Cela détermine-t-il notre avenir ? Oui, si nous savons retourner à l’inspiration
de notre mère nature et à la force de la symbiose spirituelle avec elle.
La deuxième
partie est en « abyme », un mot à la mode chez les critiques
hollywoodiens et américains. L’art de Picasso d’un côté et l’art africain et
océanien de l’autre, face à face, tête à tête, masque à masque. Cela ne parle
que si l’on oublie cet « abyme »-là pour poser des ponts, des
passerelles, des voies de passage de l’un à l’autre. Le directeur de cette
exposition a systématiquement cherché des œuvres d’art africain et océanien qui
sont comme des miroirs d’œuvres de Picasso (et non l’inverse puisque ces ouvres
africaines ou océaniennes étaient inconnus de Picasso lui-même). Il est alors
frappant comme un spectre dans je ne sais quel opéra ou comme un esprit
maléfique dans je ne sais quelle maison hantée que Picasso n’a rien inventé
mais qu’il a ré-inventé, re-distribué et ré-organisé les mentalismes humains les
plus fondamentaux, primordiaux comme j’ai déjà dit. Laissez-vous porter par la puissance
de ces choix et ces face-à-face. Vous devriez en éprouver un certain vertige
devant une telle universalité.
Quelques
remarques finales.
La Vierge romane
de Gosol qui ouvre l’exposition est une excellente idée car c’est de là que
Picasso et nous tous sortons, souvent d’ailleurs en l’ignorant, voire en le
niant : notre monde est la réécriture chrétienne, romane surtout et
éventuellement gothique, de la vision humaine primordiale d’ont j’ai parlé, et Picasso
partant de là va retrouver une élévation sublime dans l’art nègre.

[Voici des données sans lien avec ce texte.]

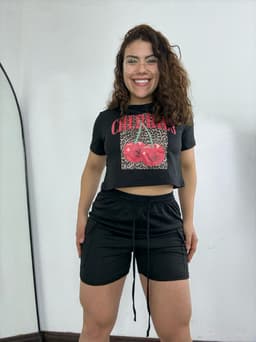 Conjunto Cherry top  con short cargo - imagen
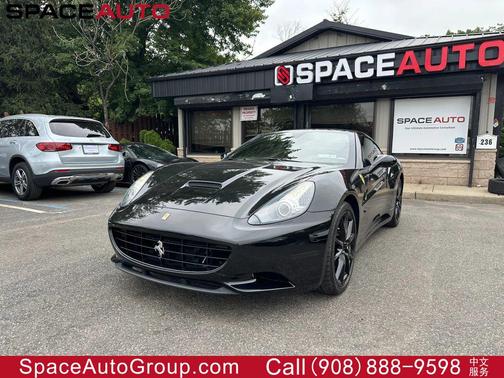 2013 Ferrari California Base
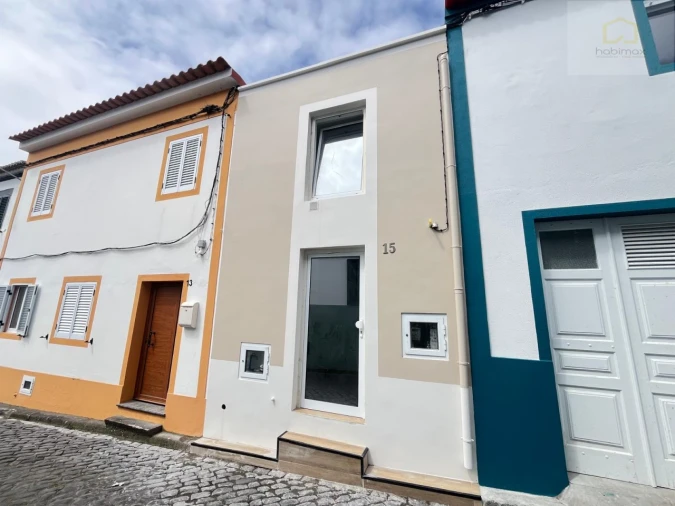 Moradia T1 para Venda em Ribeirinha Foto 2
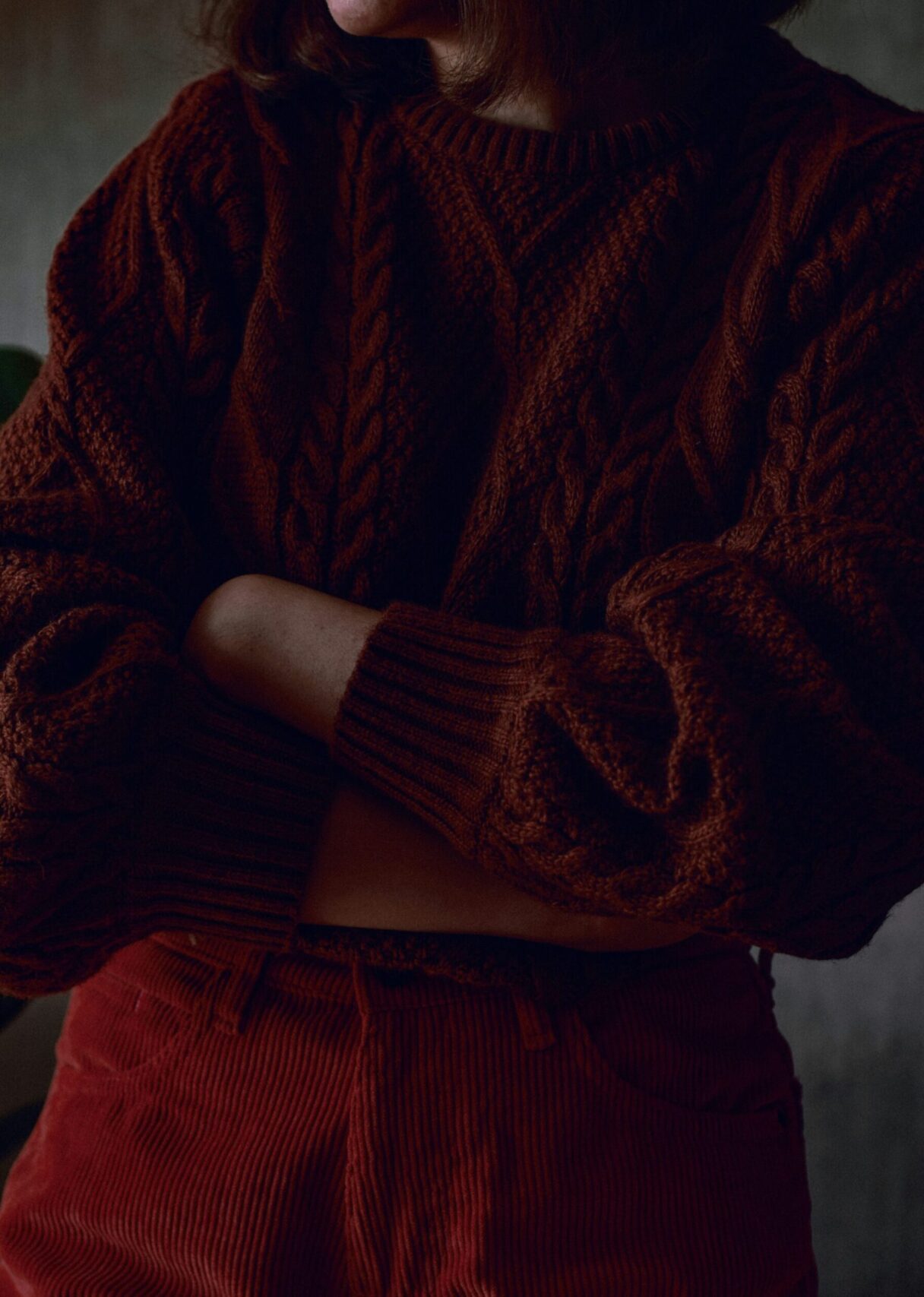 Herbstmode Burgunderroter Strickpullover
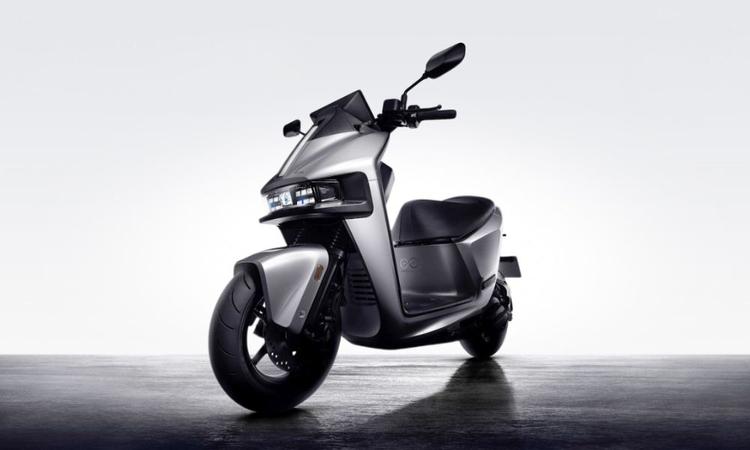Unlike most other Gogoro scooters so far, the Pulse adopts a decidedly sharp focus on performance
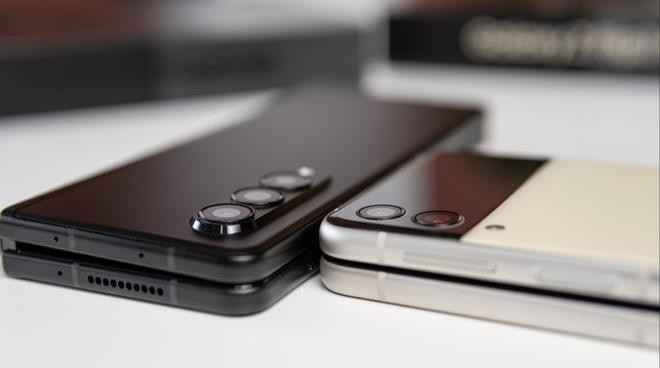 Samsung có thể đưa công nghệ màn hình gập xuống dòng smartphone tầm trung - 1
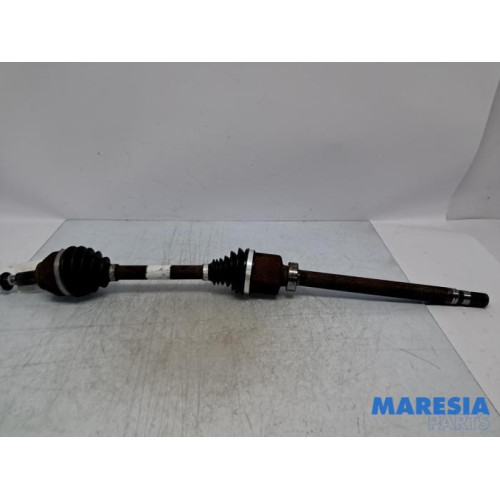 Renault - Trafic - Aandrijfas rechts-voor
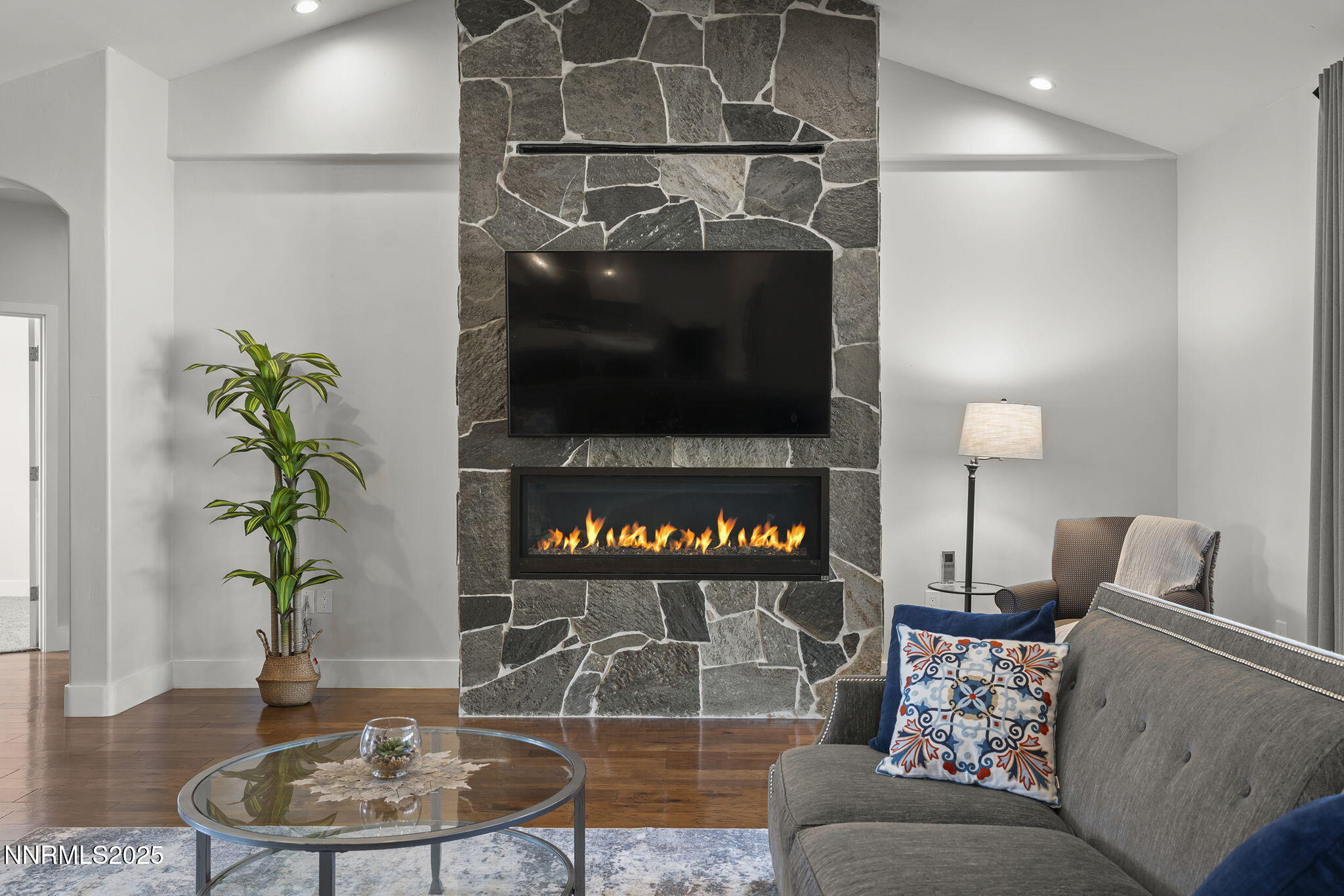 13-web-or-mls-_DSC0204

Dans la librairie-boutique,
je regrette l’absence de l’ouvrage Aragon-Picasso-Shakespeare
des Editions Cercle d’Art (Paris 1965) qui contient les reproductions de dessins
de Picasso sur Shakespeare et Hamlet avec une introduction de Louis Aragon.
De la même façon
je regrette l’absence de l’ouvrage de Roger Garaudy, D'un Réalisme sans rivages : Picasso, Saint-John Perse, Kafka, préface
de Louis Aragon, 1963, qui mettait en « abyme » dirions-nous la
pensée communiste de Pablo Picasso lui-même face à sa prophétie artistique et
au sectarisme du réalisme socialiste qui a régné en maître pendant la plus
grande partie de sa vie.
On pourrait aussi
regretter l’absence de Blaise Cendrars qui a tant donné à l’art africain. Cette
exposition aurait pu alors devenir le centre d’un mouvement autour de la réhabilitation
de l’art africain et océanien et de l’influence indélébile que cet art a eu et
a encore dans la peinture, la poésie, la littérature, bref en un mot la vie
spirituelle de l’occident européen, et j’insiste même sur l’importance de ne
pas inclure les USA dans cet héritage. Ils sont et restent, bon gré mal gré,
des esclavagistes qui n’ont toujours pas réglé leur passif.
Si les ouvrages
suggérés n’étaient pas disponibles, il eût été une bonne chose de provoquer
leur réédition. Pablo Picasso coupé de son engagement politique est comme un
masque africain en bois de pin sylvestre des Landes. Cela plairait au Maire de
Bordeaux, l’ancien comme le nouveau, mais cela serait une trahison culturelle.